- [WHAT TO WORK ON]
Restate word for word the lines of the entries below, starting with the line that holds "James&Nicholson - Men´s" and ending with the line that holds "CAMICETTASNOB Vestito corto", and no others.

Segment Start: DATASET EXTRACT

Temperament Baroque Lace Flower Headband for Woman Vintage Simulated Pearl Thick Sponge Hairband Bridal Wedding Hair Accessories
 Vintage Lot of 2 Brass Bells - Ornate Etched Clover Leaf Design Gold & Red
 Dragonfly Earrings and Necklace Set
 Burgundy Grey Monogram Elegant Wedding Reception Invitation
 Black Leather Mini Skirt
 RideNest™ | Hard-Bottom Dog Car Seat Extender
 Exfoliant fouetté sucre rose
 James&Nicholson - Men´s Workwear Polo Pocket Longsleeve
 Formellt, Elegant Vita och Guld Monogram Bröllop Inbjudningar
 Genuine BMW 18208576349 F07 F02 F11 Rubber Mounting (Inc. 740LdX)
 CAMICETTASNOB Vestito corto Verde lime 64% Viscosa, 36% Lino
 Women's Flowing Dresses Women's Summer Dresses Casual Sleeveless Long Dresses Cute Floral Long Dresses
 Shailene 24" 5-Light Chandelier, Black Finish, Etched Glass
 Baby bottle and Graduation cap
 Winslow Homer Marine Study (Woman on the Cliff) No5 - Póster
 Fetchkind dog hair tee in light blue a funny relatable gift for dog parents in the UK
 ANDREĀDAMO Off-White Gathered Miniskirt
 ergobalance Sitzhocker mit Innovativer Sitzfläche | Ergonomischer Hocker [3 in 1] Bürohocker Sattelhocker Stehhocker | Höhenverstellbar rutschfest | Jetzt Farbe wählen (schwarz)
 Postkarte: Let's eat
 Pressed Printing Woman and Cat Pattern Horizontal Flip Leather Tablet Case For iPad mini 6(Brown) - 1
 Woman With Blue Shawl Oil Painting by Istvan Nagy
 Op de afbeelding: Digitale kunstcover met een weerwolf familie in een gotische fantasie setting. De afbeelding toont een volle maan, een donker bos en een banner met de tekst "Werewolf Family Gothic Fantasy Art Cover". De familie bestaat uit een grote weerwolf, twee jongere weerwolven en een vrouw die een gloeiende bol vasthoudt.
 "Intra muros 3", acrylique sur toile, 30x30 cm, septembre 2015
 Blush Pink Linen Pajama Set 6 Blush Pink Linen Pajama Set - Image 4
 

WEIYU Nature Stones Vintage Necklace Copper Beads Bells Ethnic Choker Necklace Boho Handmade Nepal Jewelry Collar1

Segment End: DATASET EXTRACT

- [SOLUTION TO THIS EXERCISE]
 James&Nicholson - Men´s Workwear Polo Pocket Longsleeve
 Formellt, Elegant Vita och Guld Monogram Bröllop Inbjudningar
 Genuine BMW 18208576349 F07 F02 F11 Rubber Mounting (Inc. 740LdX)
 CAMICETTASNOB Vestito corto Verde lime 64% Viscosa, 36% Lino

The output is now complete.